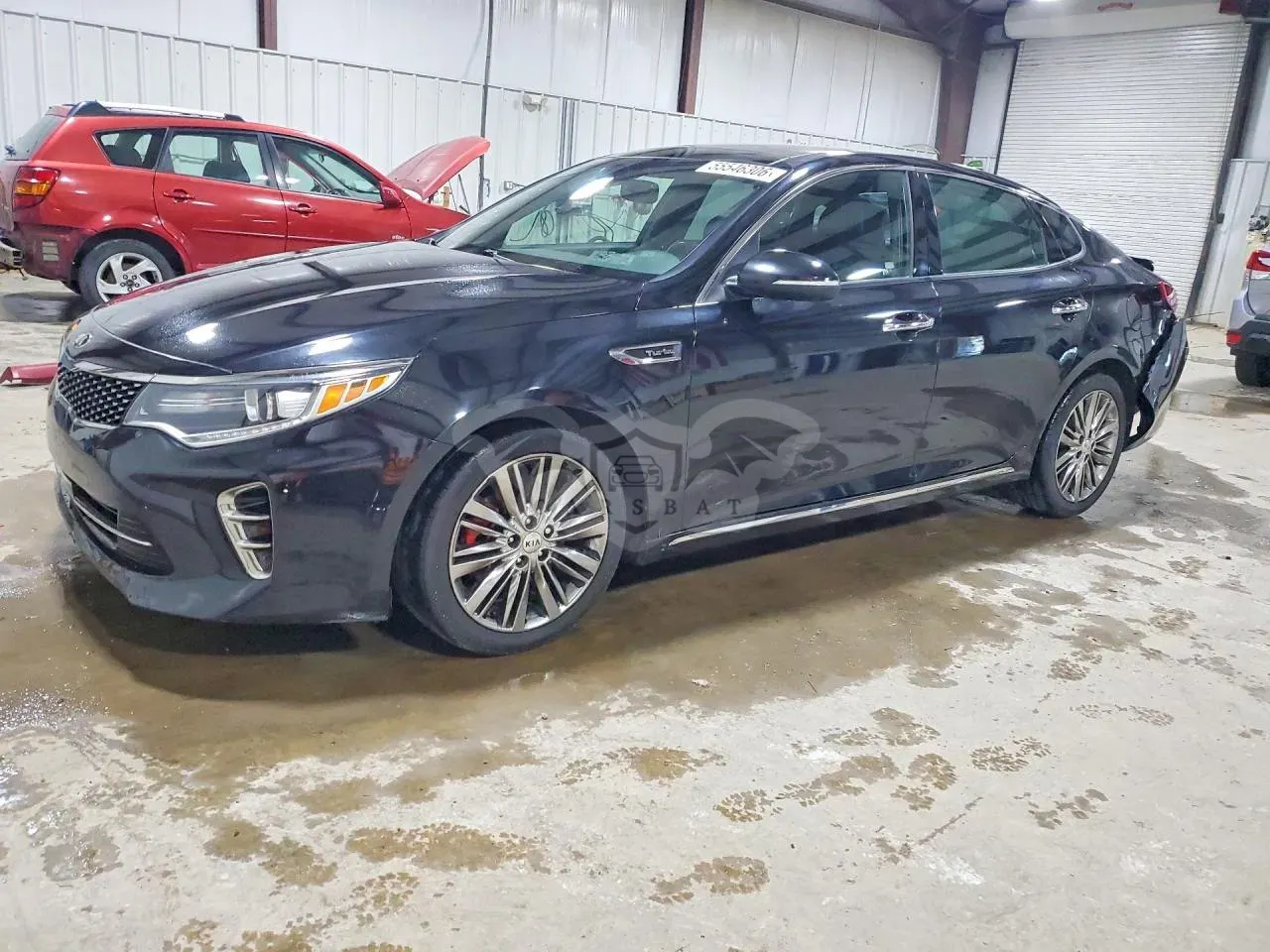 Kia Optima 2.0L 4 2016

--

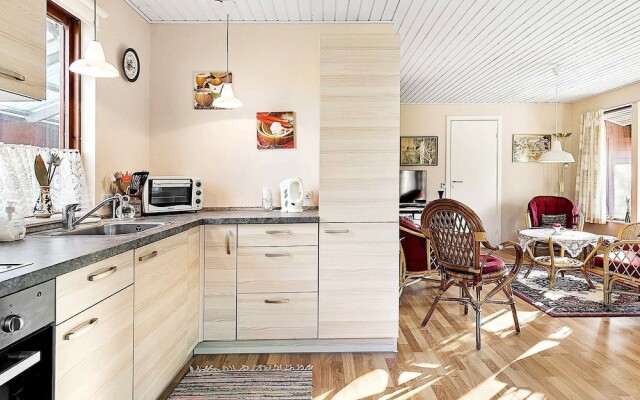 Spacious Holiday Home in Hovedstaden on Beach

...

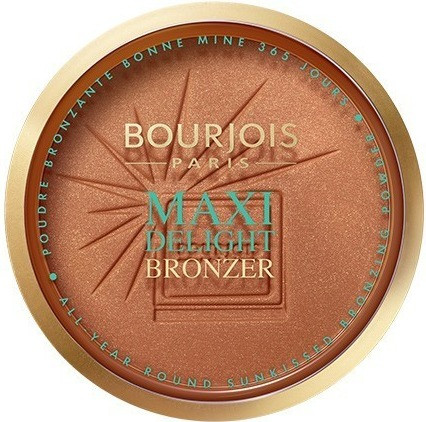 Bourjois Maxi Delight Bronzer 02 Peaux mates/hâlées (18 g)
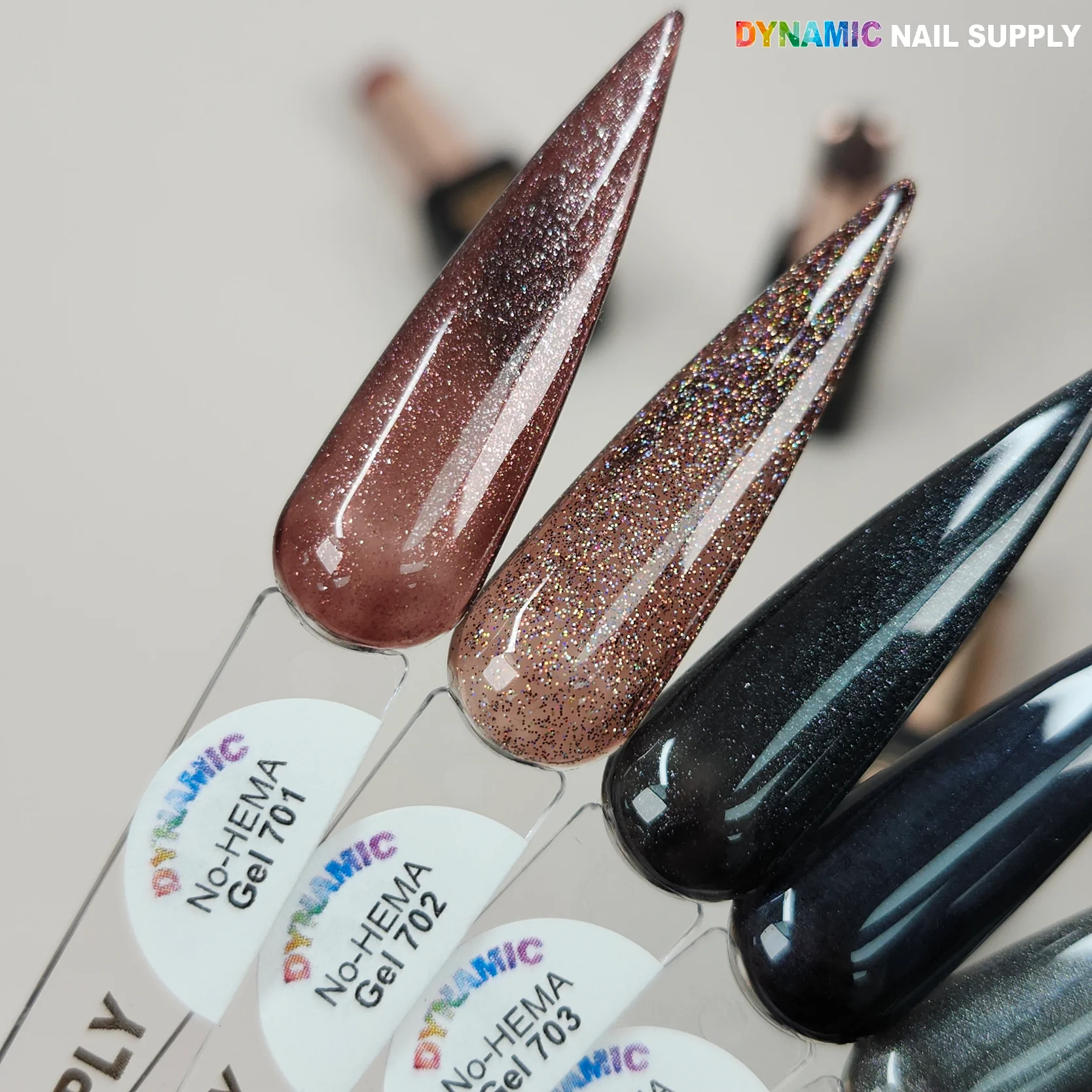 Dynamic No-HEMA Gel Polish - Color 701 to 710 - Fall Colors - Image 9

▸ Exercise goal: Starting at the line above that has "Bourjois Maxi Delight" and ending at the line that has "Dynamic No-HEMA Gel", copy each line exactly, leaving the pictures out and adding nothing.

▸ Answer to the problem:
 Bourjois Maxi Delight Bronzer 02 Peaux mates/hâlées (18 g)
 Dynamic No-HEMA Gel Polish - Color 701 to 710 - Fall Colors - Image 9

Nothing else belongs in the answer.